I have the following data, as show below.
I want to merge such that the returns from DF2 (Columns "US", "CA") are included in DF1 with respect to date and Country. I know how to merge with respect to columns, but do not know how to match with the correct country.
I would greatly appreciate your help.
DF1
Company Country Delt.1.arithmetic date
2021-03-01 TSLA CA NA 2021-03-01
2021-03-02 TSLA CA -0.04452764 2021-03-02
2021-03-03 MSFT US -0.04842374 2021-03-03
2021-03-04 TSLA CA -0.04862218 2021-03-04
2021-03-05 MSFT US -0.03779929 2021-03-05
2021-03-08 TSLA CA -0.05844972 2021-03-08
DF2
US CA date
-0.02 -0.02 2021-03-01
-0.02 -0.02 2021-03-02
-0.02 -0.02 2021-03-03
-0.02 -0.02 2021-03-04
-0.02 -0.02 2021-03-05
-0.02 -0.02 2021-03-08
I want:
Company Country Delt.1.arithmetic date Return
2021-03-01 TSLA CA NA 2021-03-01 0,02
2021-03-02 TSLA CA -0.04452764 2021-03-02 0,02
2021-03-03 MSFT US -0.04842374 2021-03-03 0,01
2021-03-04 TSLA CA -0.04862218 2021-03-04 0,01
2021-03-05 MSFT US -0.03779929 2021-03-05 0,02
2021-03-08 TSLA CA -0.05844972 2021-03-08 0,02
Code for sample data:
require(quantmod)
require(zoo)
# STOCK DATA.FRAME
TSLA <- as.data.frame(getSymbols.yahoo("TSLA", from="2021-03-01", verbose=F, auto.assign=F))
AAPL <- as.data.frame(getSymbols.yahoo("AAPL", from="2021-03-01", verbose=F, auto.assign=F))

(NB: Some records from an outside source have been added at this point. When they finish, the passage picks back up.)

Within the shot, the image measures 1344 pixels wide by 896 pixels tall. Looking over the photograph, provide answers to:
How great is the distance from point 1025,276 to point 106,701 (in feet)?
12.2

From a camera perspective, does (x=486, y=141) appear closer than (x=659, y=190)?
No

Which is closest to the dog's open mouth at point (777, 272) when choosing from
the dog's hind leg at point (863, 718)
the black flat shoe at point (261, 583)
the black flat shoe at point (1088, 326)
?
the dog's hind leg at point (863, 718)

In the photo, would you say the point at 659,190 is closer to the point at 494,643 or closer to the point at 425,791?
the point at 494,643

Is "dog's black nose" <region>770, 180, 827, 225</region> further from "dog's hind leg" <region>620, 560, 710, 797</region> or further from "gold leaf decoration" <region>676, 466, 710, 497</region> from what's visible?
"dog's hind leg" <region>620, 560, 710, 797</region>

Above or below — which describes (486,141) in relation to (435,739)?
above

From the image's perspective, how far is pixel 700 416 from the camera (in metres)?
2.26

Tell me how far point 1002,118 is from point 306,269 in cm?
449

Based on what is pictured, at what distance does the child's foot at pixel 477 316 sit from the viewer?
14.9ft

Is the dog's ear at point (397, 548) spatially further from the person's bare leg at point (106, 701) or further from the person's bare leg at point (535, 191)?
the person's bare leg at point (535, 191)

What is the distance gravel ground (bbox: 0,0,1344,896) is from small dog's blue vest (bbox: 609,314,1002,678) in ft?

MSFT <- as.data.frame(getSymbols.yahoo("MSFT", from="2021-03-01", verbose=F, auto.assign=F))
TSLA$Company <- c("TSLA")
AAPL$Company <- c("AAPL")
MSFT$Company <- c("MSFT")
TSLA$Country <- "CA"
AAPL$Country <- "US"
MSFT$Country <- "US"
TSLA$Return <- Delt(TSLA$TSLA.Adjusted)
AAPL$Return <- Delt(AAPL$AAPL.Adjusted)
MSFT$Return <- Delt(MSFT$MSFT.Adjusted)
colnames(TSLA) <- c("Open", "High", "Low", "Close", "Volume", "Adjusted", "Company", "Country", "Return")
colnames(AAPL) <- c("Open", "High", "Low", "Close", "Volume", "Adjusted", "Company","Country", "Return")

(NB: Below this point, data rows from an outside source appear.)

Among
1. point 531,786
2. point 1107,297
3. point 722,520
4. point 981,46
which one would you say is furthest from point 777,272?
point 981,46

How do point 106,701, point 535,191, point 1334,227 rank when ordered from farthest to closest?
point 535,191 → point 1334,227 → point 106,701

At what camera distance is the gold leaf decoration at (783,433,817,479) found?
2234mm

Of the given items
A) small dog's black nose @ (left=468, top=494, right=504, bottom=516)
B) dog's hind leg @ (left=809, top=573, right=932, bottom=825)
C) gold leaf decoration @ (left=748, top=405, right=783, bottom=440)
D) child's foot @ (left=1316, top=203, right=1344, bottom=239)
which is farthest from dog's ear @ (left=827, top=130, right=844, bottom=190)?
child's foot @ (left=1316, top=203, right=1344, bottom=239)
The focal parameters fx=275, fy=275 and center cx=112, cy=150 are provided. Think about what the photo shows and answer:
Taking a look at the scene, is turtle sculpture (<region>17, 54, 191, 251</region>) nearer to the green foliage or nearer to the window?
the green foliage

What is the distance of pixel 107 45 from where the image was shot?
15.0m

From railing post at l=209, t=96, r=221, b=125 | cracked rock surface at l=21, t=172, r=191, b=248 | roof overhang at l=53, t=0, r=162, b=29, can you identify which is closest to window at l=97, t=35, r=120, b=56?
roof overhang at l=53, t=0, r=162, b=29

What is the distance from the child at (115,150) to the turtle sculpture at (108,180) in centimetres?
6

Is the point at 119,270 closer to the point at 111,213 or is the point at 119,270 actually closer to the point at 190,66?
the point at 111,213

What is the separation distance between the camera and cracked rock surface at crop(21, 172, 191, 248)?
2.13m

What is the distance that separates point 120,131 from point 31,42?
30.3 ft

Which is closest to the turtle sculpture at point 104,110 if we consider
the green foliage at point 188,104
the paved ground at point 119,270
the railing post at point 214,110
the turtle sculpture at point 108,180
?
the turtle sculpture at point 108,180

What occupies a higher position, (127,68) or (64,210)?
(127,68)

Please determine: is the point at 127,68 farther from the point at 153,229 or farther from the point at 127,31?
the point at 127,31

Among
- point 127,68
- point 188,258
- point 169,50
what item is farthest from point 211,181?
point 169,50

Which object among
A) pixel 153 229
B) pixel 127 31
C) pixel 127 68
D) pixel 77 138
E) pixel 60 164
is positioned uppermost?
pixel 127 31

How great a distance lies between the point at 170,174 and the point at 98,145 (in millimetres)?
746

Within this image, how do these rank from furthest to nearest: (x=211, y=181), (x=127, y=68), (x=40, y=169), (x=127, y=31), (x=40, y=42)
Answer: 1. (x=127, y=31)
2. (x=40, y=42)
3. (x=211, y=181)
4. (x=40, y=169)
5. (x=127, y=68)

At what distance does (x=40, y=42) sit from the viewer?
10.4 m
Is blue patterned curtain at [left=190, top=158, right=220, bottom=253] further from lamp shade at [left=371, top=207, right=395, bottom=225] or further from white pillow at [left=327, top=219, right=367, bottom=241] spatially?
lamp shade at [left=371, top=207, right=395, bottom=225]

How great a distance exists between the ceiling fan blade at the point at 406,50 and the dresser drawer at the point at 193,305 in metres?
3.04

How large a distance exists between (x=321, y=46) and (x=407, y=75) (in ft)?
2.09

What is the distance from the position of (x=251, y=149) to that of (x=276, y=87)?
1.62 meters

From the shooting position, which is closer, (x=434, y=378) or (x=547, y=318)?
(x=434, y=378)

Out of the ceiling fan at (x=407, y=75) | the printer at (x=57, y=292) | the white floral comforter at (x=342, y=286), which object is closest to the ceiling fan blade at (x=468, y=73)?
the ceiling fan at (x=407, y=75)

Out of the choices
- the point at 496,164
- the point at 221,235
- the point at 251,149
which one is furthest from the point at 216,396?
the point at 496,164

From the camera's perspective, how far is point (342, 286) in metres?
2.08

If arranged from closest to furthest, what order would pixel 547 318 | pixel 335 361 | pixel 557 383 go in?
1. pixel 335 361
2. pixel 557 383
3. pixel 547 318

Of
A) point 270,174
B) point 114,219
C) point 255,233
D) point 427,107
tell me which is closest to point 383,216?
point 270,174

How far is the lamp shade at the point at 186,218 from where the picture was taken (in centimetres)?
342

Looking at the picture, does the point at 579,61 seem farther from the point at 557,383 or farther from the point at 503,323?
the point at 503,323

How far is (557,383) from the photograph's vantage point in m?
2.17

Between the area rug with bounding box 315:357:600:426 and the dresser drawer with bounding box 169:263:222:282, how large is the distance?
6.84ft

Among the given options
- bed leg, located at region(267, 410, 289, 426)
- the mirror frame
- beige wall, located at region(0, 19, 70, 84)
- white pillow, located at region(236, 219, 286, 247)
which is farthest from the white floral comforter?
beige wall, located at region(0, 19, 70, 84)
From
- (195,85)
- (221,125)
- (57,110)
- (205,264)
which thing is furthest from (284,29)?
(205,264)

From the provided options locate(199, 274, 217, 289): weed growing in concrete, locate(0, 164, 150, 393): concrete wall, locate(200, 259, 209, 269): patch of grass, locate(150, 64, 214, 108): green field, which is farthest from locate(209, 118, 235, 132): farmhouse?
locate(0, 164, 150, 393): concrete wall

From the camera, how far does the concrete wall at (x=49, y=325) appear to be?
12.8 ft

colnames(MSFT) <- c("Open", "High", "Low", "Close", "Volume", "Adjusted", "Company","Country", "Return")
stocks <- rbind(TSLA, AAPL, MSFT)
stocks$Open <- NULL
stocks$Close <- NULL
stocks$High <- NULL
stocks$Low <- NULL
stocks$Volume <- NULL
stocks$Adjusted <- NULL
stocks$date <- row.names(stocks)
# Market returns
date <- stocks$date
US <- sample(c(-0.02, -0.02, -0.02, -0.02, 0.15, -0.02, -0.02, -0.02, -0.02), size = nrow(stocks), replace=T)

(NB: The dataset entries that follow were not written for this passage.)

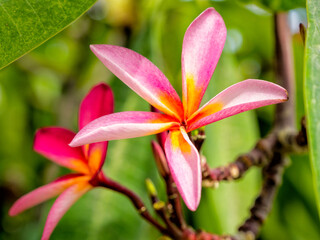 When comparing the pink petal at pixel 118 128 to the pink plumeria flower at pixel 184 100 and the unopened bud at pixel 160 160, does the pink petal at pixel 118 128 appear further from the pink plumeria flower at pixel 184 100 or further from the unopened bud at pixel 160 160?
the unopened bud at pixel 160 160

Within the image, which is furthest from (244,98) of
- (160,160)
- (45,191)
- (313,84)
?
(45,191)

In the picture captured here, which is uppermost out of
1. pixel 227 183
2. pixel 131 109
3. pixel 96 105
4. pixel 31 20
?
pixel 31 20

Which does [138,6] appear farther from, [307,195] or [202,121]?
[202,121]

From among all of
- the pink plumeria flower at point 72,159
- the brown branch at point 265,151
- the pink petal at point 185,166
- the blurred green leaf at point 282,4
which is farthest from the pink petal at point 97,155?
the blurred green leaf at point 282,4

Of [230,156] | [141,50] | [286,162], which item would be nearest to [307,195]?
[230,156]

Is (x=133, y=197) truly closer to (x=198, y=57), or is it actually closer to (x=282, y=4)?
(x=198, y=57) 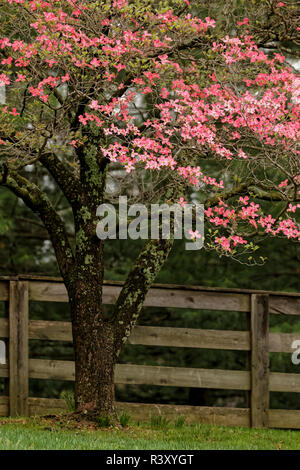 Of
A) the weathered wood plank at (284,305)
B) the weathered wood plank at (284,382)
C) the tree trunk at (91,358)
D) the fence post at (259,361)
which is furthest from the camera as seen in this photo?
the weathered wood plank at (284,305)

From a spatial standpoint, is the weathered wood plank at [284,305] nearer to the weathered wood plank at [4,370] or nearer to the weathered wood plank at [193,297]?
the weathered wood plank at [193,297]

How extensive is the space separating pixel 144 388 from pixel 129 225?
22.9ft

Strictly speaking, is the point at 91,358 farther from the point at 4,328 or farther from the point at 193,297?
the point at 193,297

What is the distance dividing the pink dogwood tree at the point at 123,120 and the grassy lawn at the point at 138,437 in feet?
1.47

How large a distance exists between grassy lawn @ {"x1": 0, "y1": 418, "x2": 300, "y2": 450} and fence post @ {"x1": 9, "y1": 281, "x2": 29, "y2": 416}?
38 cm

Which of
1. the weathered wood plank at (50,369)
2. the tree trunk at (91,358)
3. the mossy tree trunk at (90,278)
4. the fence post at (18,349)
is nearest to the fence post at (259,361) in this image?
the mossy tree trunk at (90,278)

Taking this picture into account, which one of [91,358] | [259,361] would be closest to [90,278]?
[91,358]

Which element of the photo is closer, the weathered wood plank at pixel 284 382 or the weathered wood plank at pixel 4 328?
the weathered wood plank at pixel 4 328

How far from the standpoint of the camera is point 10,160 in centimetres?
628

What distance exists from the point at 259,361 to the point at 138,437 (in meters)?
1.93

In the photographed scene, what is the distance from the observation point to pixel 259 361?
24.5ft

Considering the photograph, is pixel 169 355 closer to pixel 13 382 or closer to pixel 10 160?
pixel 13 382

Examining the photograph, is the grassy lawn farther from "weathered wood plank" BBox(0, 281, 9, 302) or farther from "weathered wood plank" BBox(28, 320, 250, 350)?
"weathered wood plank" BBox(0, 281, 9, 302)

CA <- sample(c(-0.02, -0.02, -0.02, -0.02, 0.15, -0.02, -0.02, -0.02, -0.02), size = nrow(stocks), replace=T)
market <- data.frame(US,CA,date)
rm(AAPL,MSFT,US,CA,TSLA, date)
CodePudding user response:
library(dplyr)
library(tidyr)
df1 %>%
left_join(df2 %>% pivot_longer(-date, names_to = "Country", values_to = "Return"))
Returns:
Company Country Delt.1.arithmetic date Return 1 TSLA CA NA 2021-03-01 -0.02 2 TSLA CA -0.04452764 2021-03-02 -0.02 3 MSFT US -0.04842374 2021-03-03 -0.02 4 TSLA CA -0.04862218 2021-03-04 -0.02 5 MSFT US -0.03779929 2021-03-05 -0.02 6 TSLA CA -0.05844972 2021-03-08 -0.02
I was not able to reproduce your desired output with the values you supplied (Return is all -0.02 for my data, while your desired output has also -0.01...). And since no direction for the join was specified I assumed left. Adapt it so it fits your case.